I know I will not be content with knowing statistics about these creatures answering questions such as: how long do they live, how many of them are there, what is their range, or how do they survive? I must also seek to learn how they have managed to remain hidden for so long, how do they communicate with each other, what circumstances seem safer when we access their habitat areas and under what (if any) situations are we or they at greater risk and danger.

From what I've learned so far by studying witness reports and observations, the most reckless behavior being manifested by these creatures is their curiousity. It is this one behavioral trait that most often entices them to come out of concealment and into situations where humans can and do observe them. The old proverb says, "It was curiousity that killed the cat." From what has been observed with bigfoot animals, curiousity is not a fatal trait but it may well be the vulnerable Achilles heel that betrays them into revealing themselves.

The subject of this lesson in Bigfoot Behavior 101 is the following daytime encounter report made by a dump truck driver on July 1, 2005. This eyewitness was charged with the task of delivering gravel to improve the access road for a landowner's remote camping location in Pennsylvania.

Follow-up investigation report by BFRO Investigator Chip Beam (posted 7-5-05):

Witness’ boss asked him to deliver stone to a very old campsite. The first day he was shown where the site was. It took two days to deliver the stone. One pile delivered one day and the next day’s delivery was to be spread on the road by a process called tailgating where the bed of the dump truck is hoisted into the air and the stone is gradually poured while the truck slowly moves forward. The second day was when the sighting occurred.

The witness had to go to the campsite to turn the truck around due to the width of the road. He turned the truck around and prepped it for the dumping process, during this time he felt like he was being watched as he unsecured the chains to the tailgate, but when looking into the woods he didn’t see anything. Being a hunter most of his life, the witness has never felt scared or uneasy in the woods and has hunted by himself many times. He climbed into the truck drove to the spot where he was going to start the dumping about 150 yards away. It took several tries to get the bed up and the truck into gear. This created a pile of stone about two feet high in the road. He started moving the truck but decided the chains weren’t set right and made the decision to back up to the pile of stones where he initially started. In the mirror he noticed what he thought was a cinnamon bear on the pile of stones. The witness was puzzled that the bear would not move or even look at him as he backed up because the back up alarm was blaring. About five or six feet from the pile he hit the breaks on the truck and the animal stood up on two legs. He could only see the belly of the creature and still not clearly from the effects the vibration of the truck had on the mirror. At this point the witness saw something in the mirror run across the road. He checked the passenger side mirror and saw nothing. When looking back to the driver’s mirror the other creature was gone as well.

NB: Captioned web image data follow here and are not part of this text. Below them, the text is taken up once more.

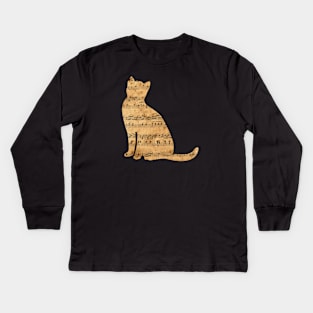 Kitty Cat Concerto Kids Long Sleeve T-Shirt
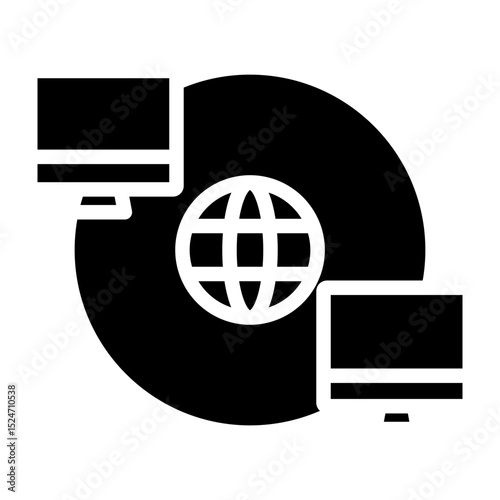 WAN Vector Glyph Icon Design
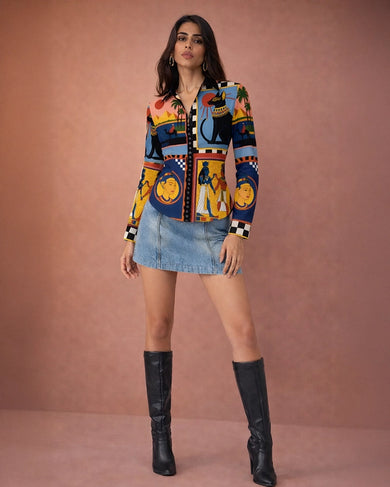 Sacred Egypt Women Fitted Shirt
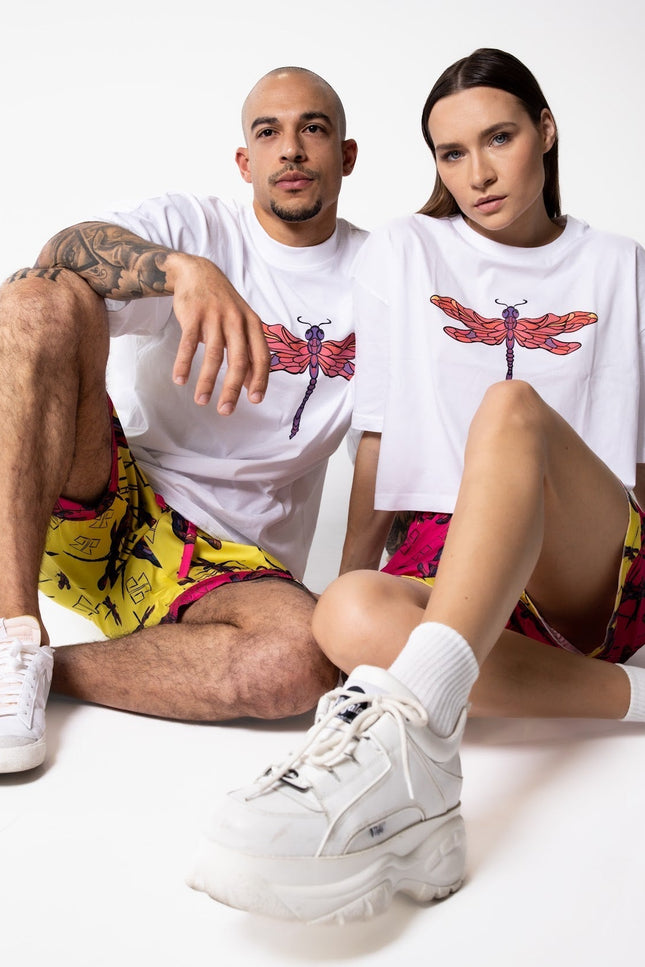 Janara Jones | Krótki T-shirt koszulka z motywem ważki
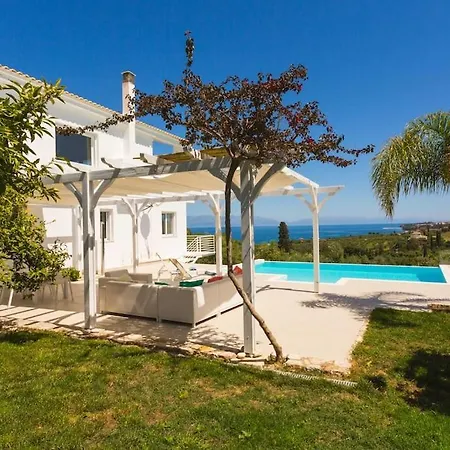 - Merkouri - Entire With Panoramic View Villa Koróni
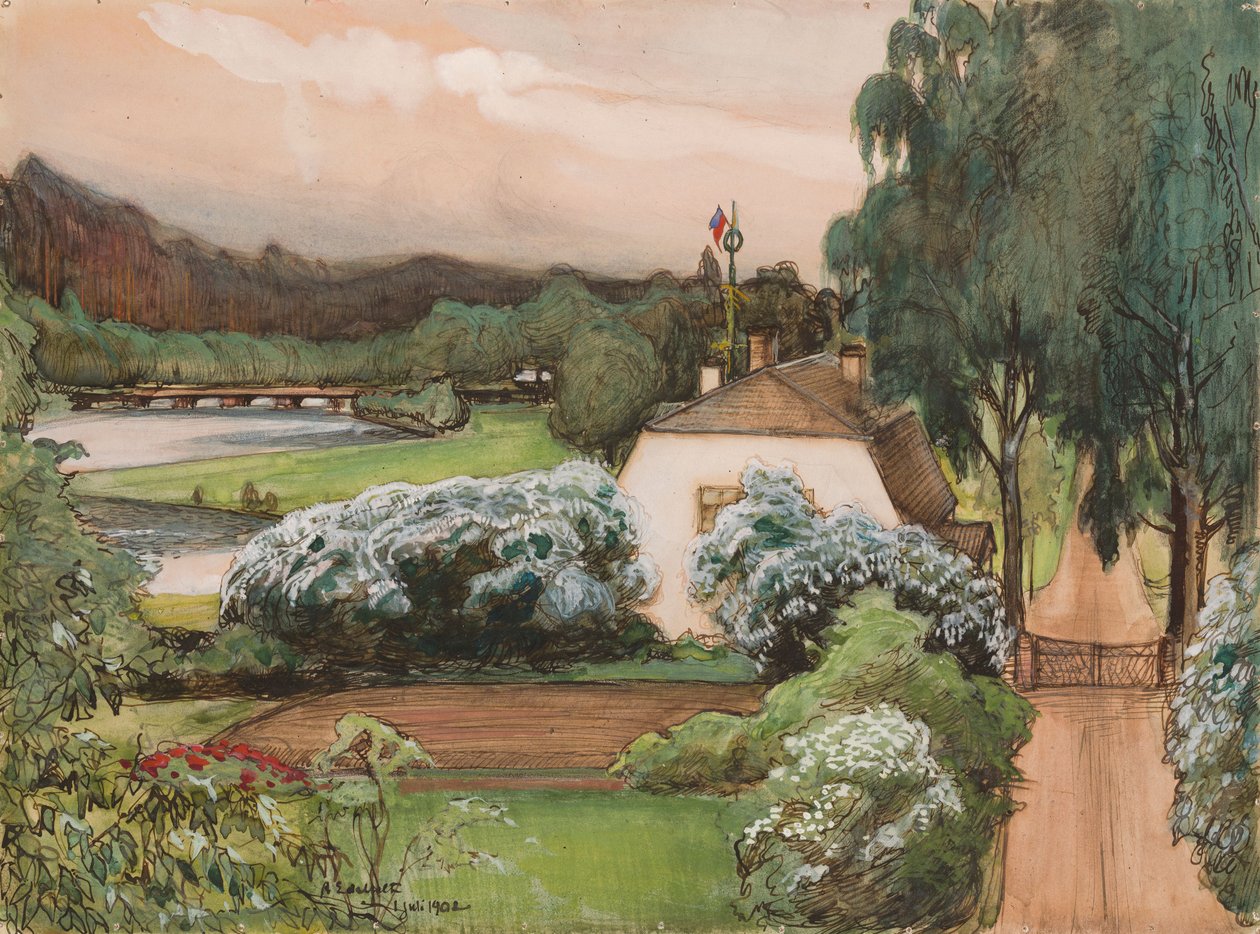 Dom nadzorcy w majątku Saari autorstwa Albert Edelfelt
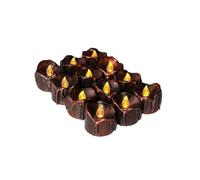 Electronic Candle Light Gold 12pcs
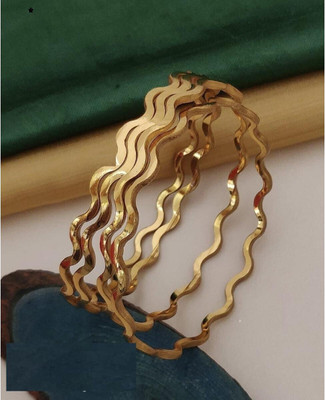 Dharti Ent Copper Gold-plated Bangle Set(Pack of 4)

The witness then got out of the truck and adjusted the chains. He said that most bears will run from you then turn to look back. He found it strange that he couldn’t see anything where he saw the animal run to. The trees are thick, but not thick enough to where he wouldn’t be able to see a bear that had just ran away. The witness climbed back into the truck and started the dumping process again. After about forty yards he saw two of the creatures in the driver’s side mirror. One was much bigger than the other. He estimates the creature to have been about nine feet tall because of the clearance to the height of the dump truck to the tree limbs. The truck with bed tilted made the cab protector about nine feet above the ground and this brushed a large branch of the tree. The larger creature had to duck its head to clear the same branch. The color of the fur was a red orange color that he compared to an orangutan color. He said the creature was a duplicate to the Giganto on the web site but he cold not see the face clearly because of the vibration of the mirror. The second animal, he stated, was about his height, a little over six feet tall. They paced the truck from several yards back. They had long arms and a very long stride. At this point the witness became scared and left the area so quickly he forgot to drop the bed of the truck.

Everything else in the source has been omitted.